Çocukların oynadığı mahallede ki, caminin havlusuna gelirler orda beyaz sakallı nur yüzlü bu amca tüm mahallenin çocuklarını toplar başına ve Allaha giden yolu bunlara anlatmaya başlar. “Allah Dünyayı ve insanları yaratan kişidir. Bizler onun kuluyuz. O ol dediği zaman olur.” Yaradan ve var olan Allah’ın adıyla diyerek başlar anlatmaya çocuklar bir merakla dinlemek isterler. Allah (cc) bizlere Müslümanlığı öğretti. Nasıl namaz kılınır. Nasıl oruç tutulur. Nasıl zekât verilir. Nasıl hacca gidilir. Allah birdir” başta bunu bilmeliyiz.
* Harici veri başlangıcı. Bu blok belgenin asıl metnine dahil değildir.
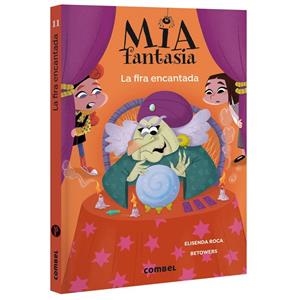 Mia Fantasia 11. La fira encantada | Roca, Elisenda | Llibreria La Figaflor - Abrera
“Şimdi size önemli dini bilgileri öğretmeye çalışacağım beni iyi dinleyin çocuklar. Size biri sorarsa Müslüman mısınız? Sizde evet “Elhamdülillah Müslümanız” diyeceksiniz. Çünkü biz müslümanlara bu soruyu kabirde ve dünyada soracaklar. Ayrıca Hac ne demektir? Bunu kısaca anlatayım: Hac Müslümanların gidip de ziyaret ettikleri yer. Kabey’i münevvere orası dünyanın tam ortası oraya, gidip hac görevlerini yapıyorlar.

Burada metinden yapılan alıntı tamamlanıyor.